Aesthetically, the film is special. Ivens mixes colour and black-and-white footage, he blends lyrical poetry with social realism, he dwells powerfully on silence and simple, graceful movements, and the film is packed with a number atmospheric passages. "Breathing represents death," an old man says, referring to Ivens' failing lungs. The film as a whole anticipates Ivens' own real life demise, the director appearing as himself throughout the picture, wrinkled, weary and on the verge of corpse-hood.
"One drunken night, when he wanted to touch the moon, a rebellious poet drowned," a line reads, speaking to the artist's quest. The film itself opens with giant windmills and bizarre mission statements, all of which recall Don Quixote, Ivens becoming the artist/fool who goes to great lengths for seemingly absurd reasons. Indeed, Ivens spends most of his film in the desert, sitting on a chair and waiting for "the wind to arrive", a momentous occasion in which he hopes "do battle" and "capture the wind". The rest of the film is preoccupied with "the wind's" effects on bodies, buildings, politics (Ivens is a staunch communist) and landscapes; how it shapes the world, how it shapes people, and how they in turn shape it, how it destroys and builds up, how it gives life and kills. Wind, here, is of course not only a "literal wind", but that which epitomises "things". "Things" intangible and tangible about man and his world. "Things" which Ivens' has spent his life seeking to catch.

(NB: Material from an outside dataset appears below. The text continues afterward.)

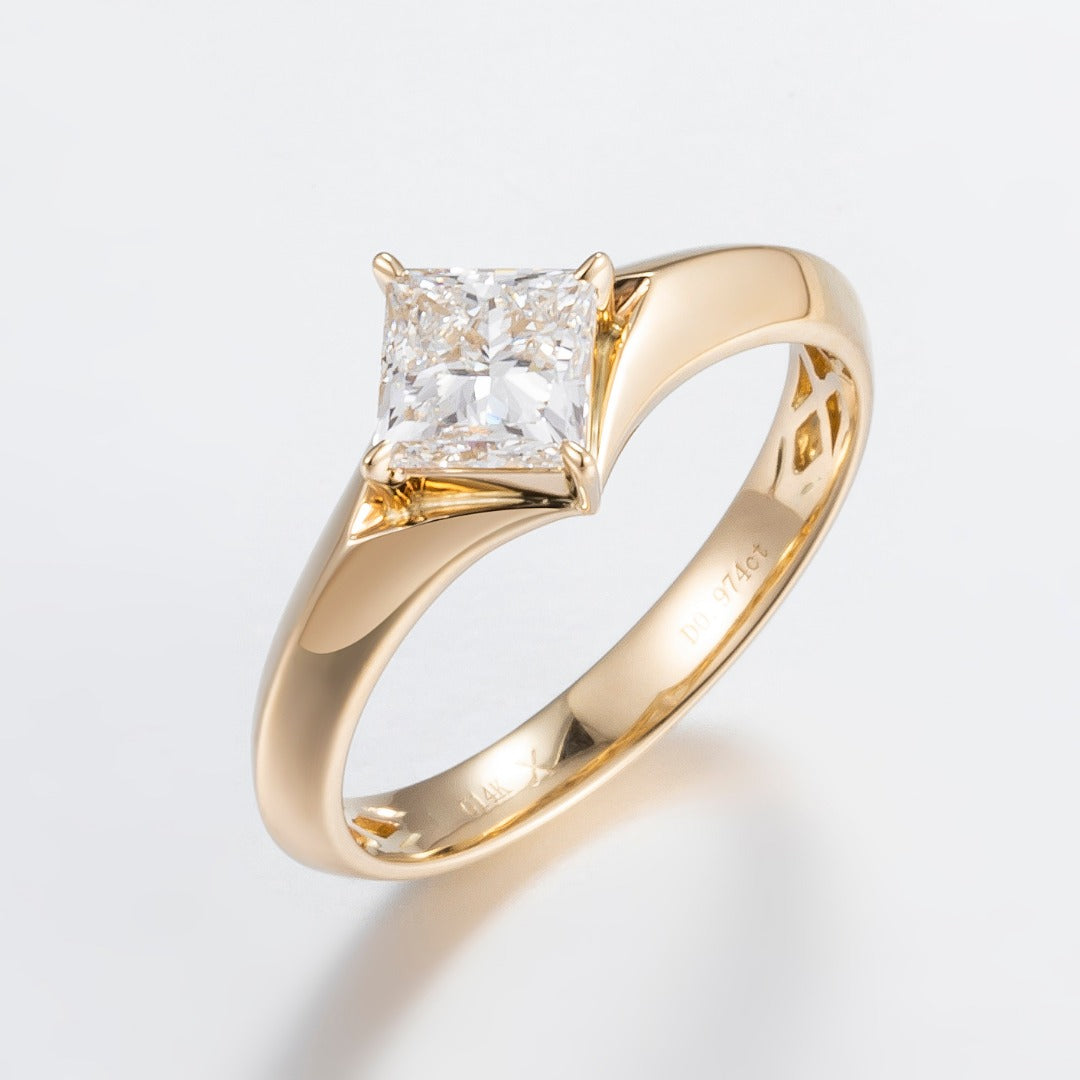 Serwa Jewellery | Pure Axis – 14K Gold Lab-Grown Diamond Ring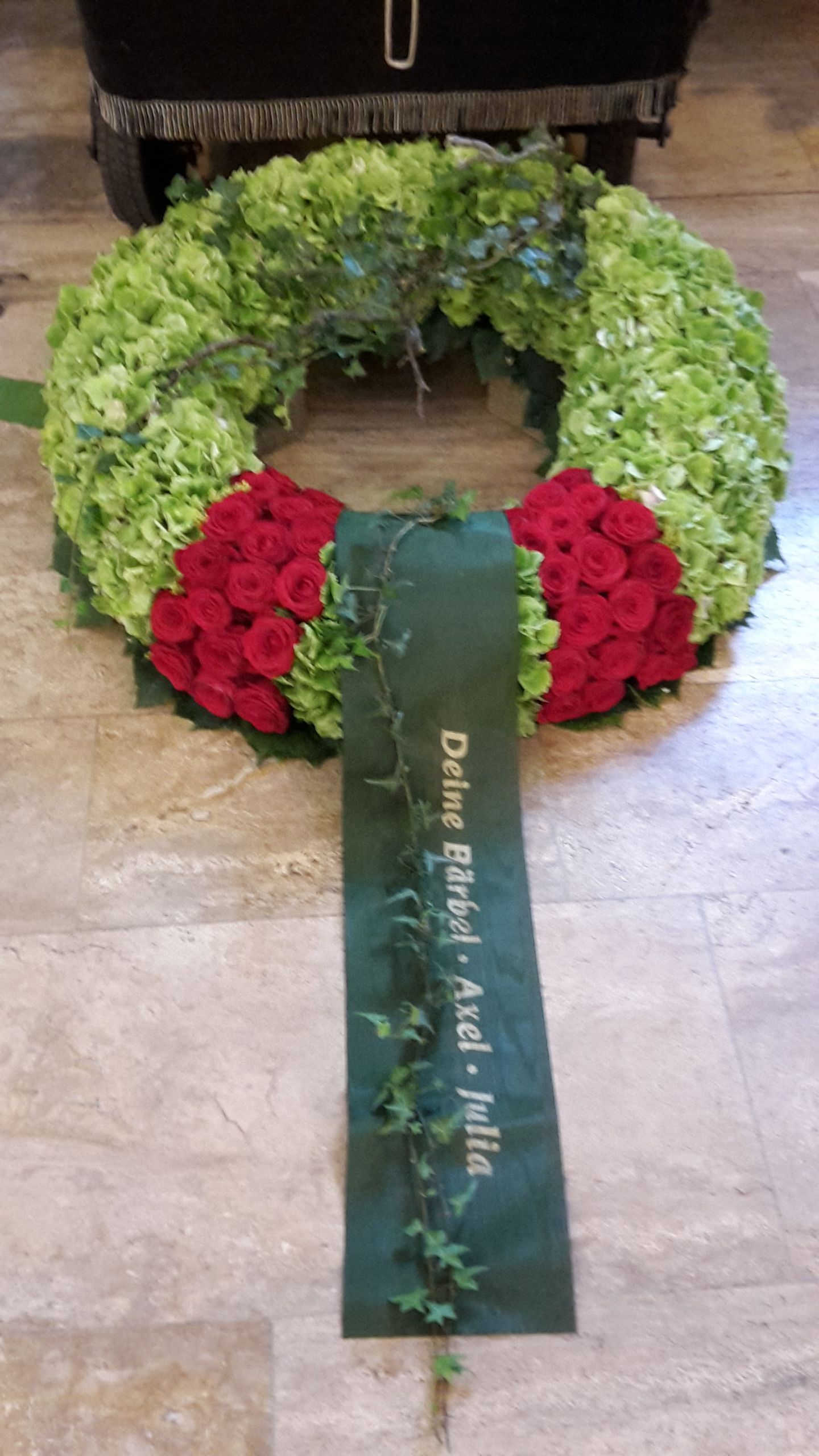 Beispielarbeit von BLUMEN EBBEN Meisterfloristik in Kleve Fleurop-Service, Hochzeits- & Trauerfloristik - veröffentlicht auf Gartenbau.org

"We've been expecting you," two old souls state, anticipating Ivens' death. The film closes with a shot which reverses its opening image, an airborne aircraft becoming a grounded plane, the wind silenced, the machine surrounded by the people it dwarfs.
Not many people know of Joris Ivens today. He'd make a series of documentaries/films in the 1920s, one of which was "Rain", which anticipates Ivans use of wind in this, his final film. He'd be hired in the 1940s to make propaganda pieces for Dutch colonialist interests, but instead used their money to make "Indonesia Calling", a film which assaulted the Neatherlands' role in Indonesia. His subsequent films focused on unionists, Belgian miners, worker strikes, the Soviet Union's Five Year Plan, the Spanish Civil War, Indonesia's attempts to shrug off the Imperial powers and China's resistance to Japanese invasion. Along the way, he'd become involved with various communists, radical left-wingers and thinkers, as well as Bertolt Brecht, Hans Eisler, Robert Oppenheimer and the great Herbert Marcuse. Throughout much of his life, Iven would be assaulted by people in power; the FBI classified him as being "dangerous" and "a possible Soviet agent", he'd be hounded by Netherlands' Intelligence Service, the Dutch wanted him jailed, frequently he'd have his equipment stolen or "delayed" and he was famously banned from entering certain countries by none other than General Douglas MacArthur. He died in 1989.
8/10 – See Antonioni's "Michelangelo Eye to Eye", another metaphysical deathpiece.